Anschub mit politischer Unterstützung

Mieten im Sozialen Wohnungsbau können auch sinken. Mitten in Salzburg kostet auf dem freien Wohnungsmarkt eine durchschnittliche 70-Quadratmeter-Wohnung knapp 1.000 Euro warm. Doch sie kann auch nur rund 600 Euro warm kosten, nachdem eines der kommunalen Wohnungsunternehmen die Wohnung aufkauft hat. “Wir haben in den letzten Jahren die Mieten im Sozialen Wohnungsbau um rund ein Drittel gesenkt“, berichtet Walter Blachfellner, bis zum Sommer 2013 im Bundesland Salzburg der zuständige sozialdemokratische Landrat. Gelungen ist seiner Verwaltung für die Wohnbauförderung dies mit dem Konzept des „Salzburger Wohnbaufonds“, mit dessen Geldern Wohnungen rekommunalisiert wurden.

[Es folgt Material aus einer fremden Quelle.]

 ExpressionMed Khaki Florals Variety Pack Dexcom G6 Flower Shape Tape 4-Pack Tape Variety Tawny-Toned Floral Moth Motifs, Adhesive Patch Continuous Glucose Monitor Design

Auch beim Neubau gelingen den kommunalen Wohnbau-Unternehmen in Salzburg beeindruckende Erfolge. So entstand in der Nähe des Hauptbahnhofs ein neues Quartier: das Stadtwerk Lehen. Im Erdgeschoss der architektonisch anspruchsvollen und nach neusten Kriterien für Energieeffizienz errichteten Gebäude ist Platz für „Kunst, Kultur und Soziales“. Doch der eigentliche Clou ist, dass hier in den oberen Stockwerken keine Luxuswohnungen für Gutverdiener, sondern von der gemeinnützigen Salzburger Wohnbaugesellschaft (gswb) 292 geförderte Mietwohnungen im Sozialen Wohnungsbau errichtet wurden.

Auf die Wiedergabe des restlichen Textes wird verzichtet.